[Opening EXERCISE MATERIALS section]

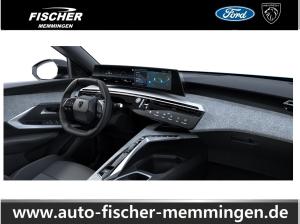 Peugeot 3008 Allure Hybrid 145PS - Ganzjahresreifen - inkl. Wartung & Verschleiß!
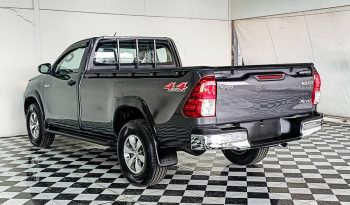 REVO 4WD 2019 2.8J MT STANDARD DARK GREY  4143 full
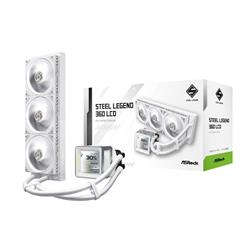 ASRock Steel-Legen-360-LCD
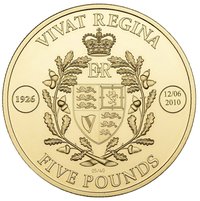 5 Pounds reverse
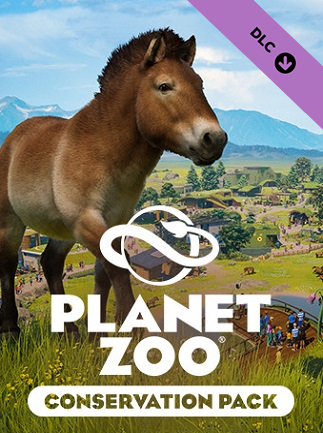 Planet Zoo: Conservation Pack (PC) - Steam Klíč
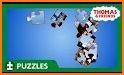 Puzzle Thomas Train Games related image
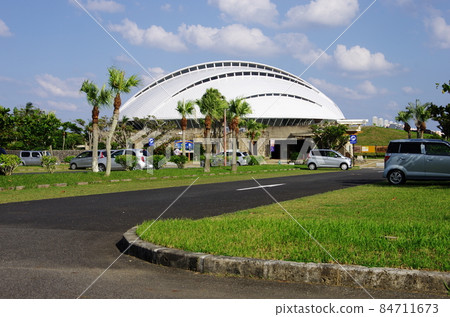 奄美市香里町奄美之裡的建築 84711673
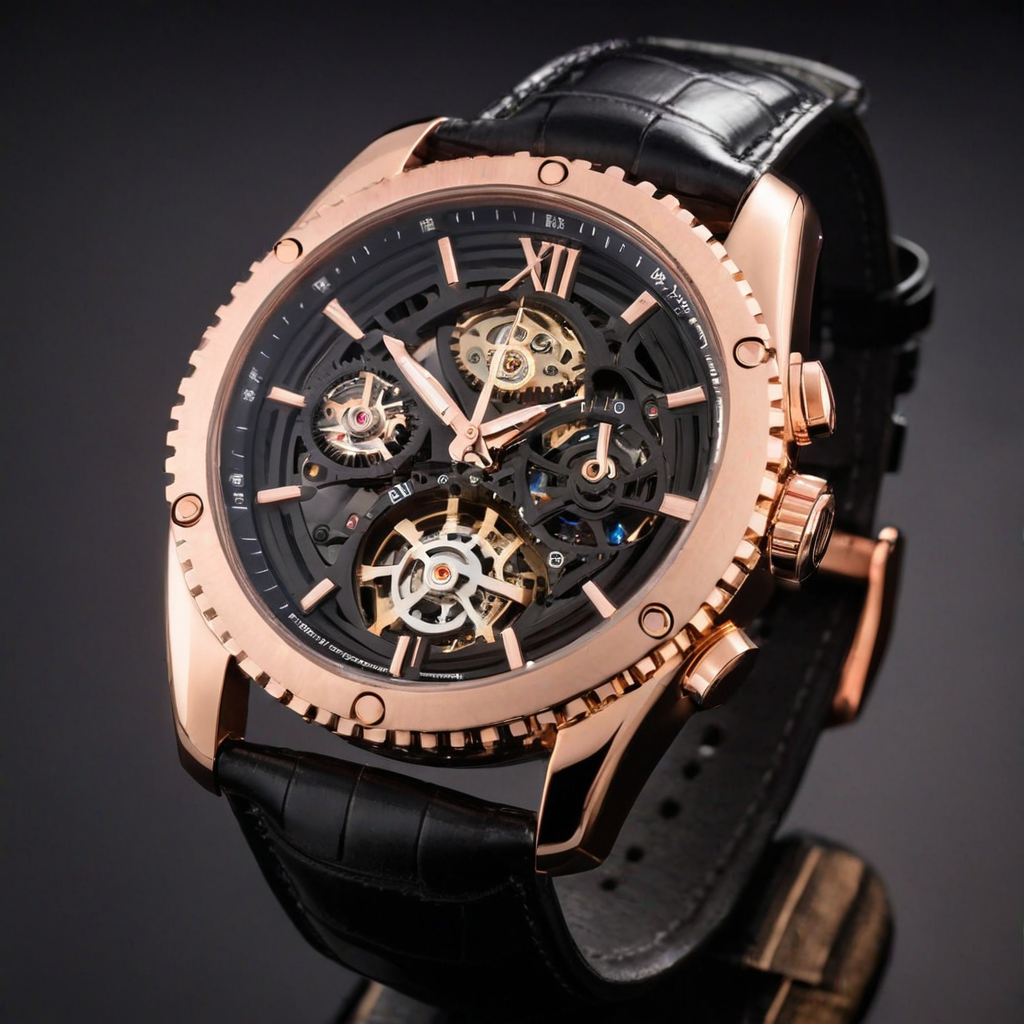 Juggernaut XL v8 - Luxury Watch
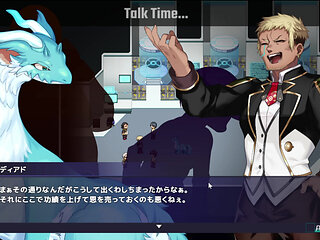 Continuing at CI-EN [Princess Synergy] Mysterious girl and noble girl squat! Card game eroge! Live Commentary Part 2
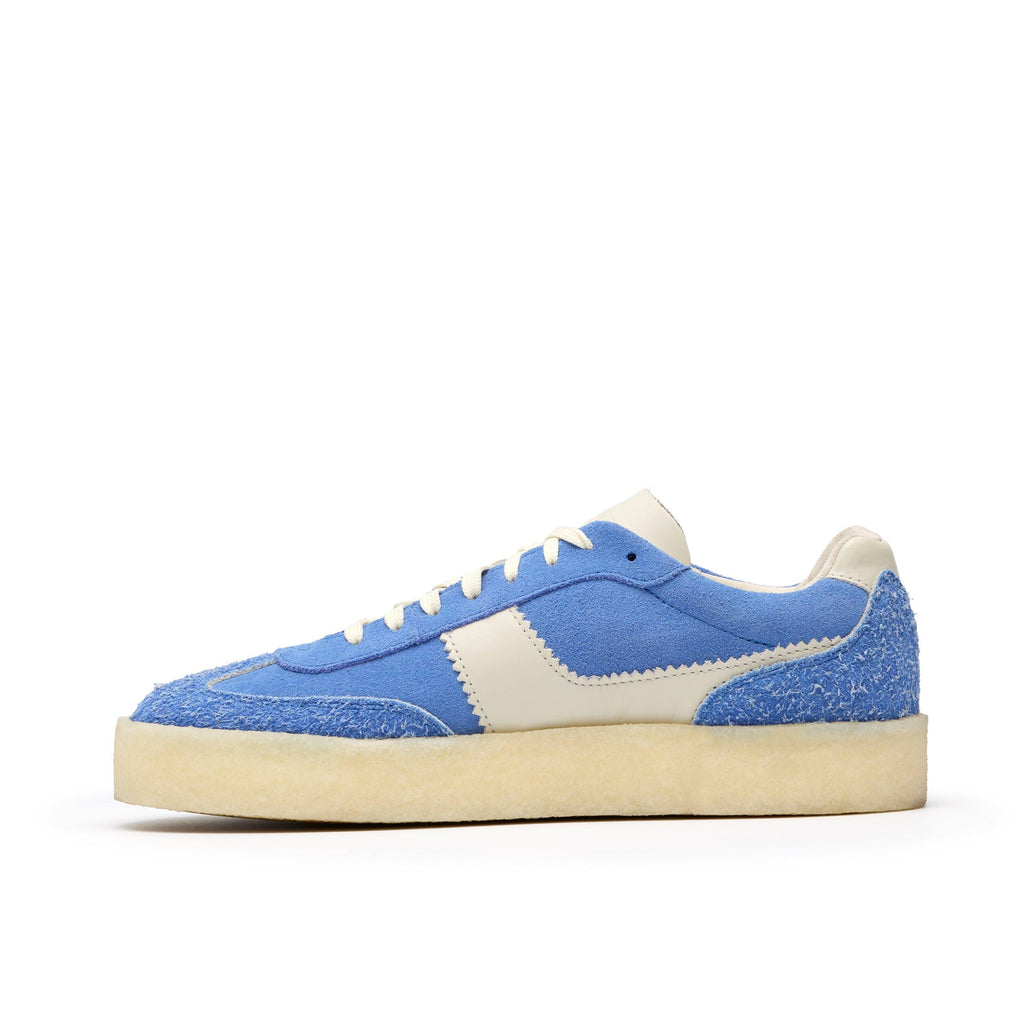 Clarks Tor 80 in Blue Suede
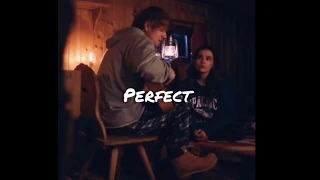 Perfect - Ed Sheeran  مترجمة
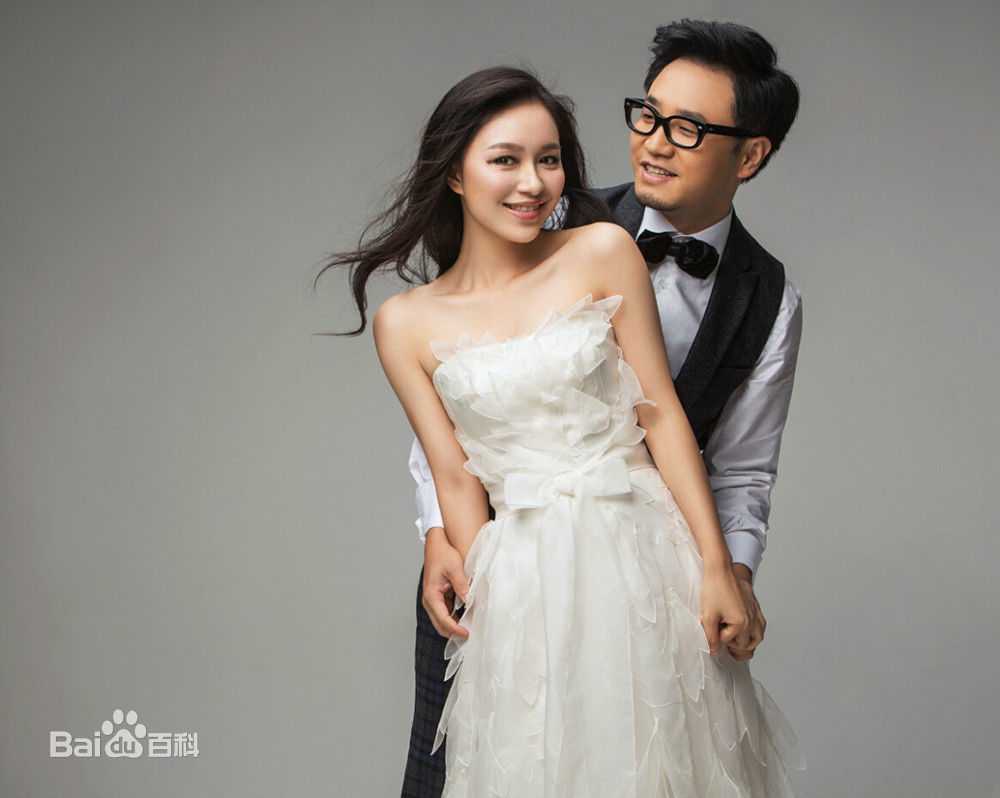 最优质王铮亮(Reno Wang)时尚新娘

[Closing EXERCISE MATERIALS section]

YOUR INSTRUCTIONS:
Every line of the data above is to be set down word for word, with the pictures left out.

TASK RESPONSE:
 Peugeot 3008 Allure Hybrid 145PS - Ganzjahresreifen - inkl. Wartung & Verschleiß!
 REVO 4WD 2019 2.8J MT STANDARD DARK GREY  4143 full
 ASRock Steel-Legen-360-LCD
 5 Pounds reverse
 Planet Zoo: Conservation Pack (PC) - Steam Klíč
 Puzzle Thomas Train Games related image
 奄美市香里町奄美之裡的建築 84711673
 Juggernaut XL v8 - Luxury Watch
 Continuing at CI-EN [Princess Synergy] Mysterious girl and noble girl squat! Card game eroge! Live Commentary Part 2
 Clarks Tor 80 in Blue Suede
 Perfect - Ed Sheeran  مترجمة
 最优质王铮亮(Reno Wang)时尚新娘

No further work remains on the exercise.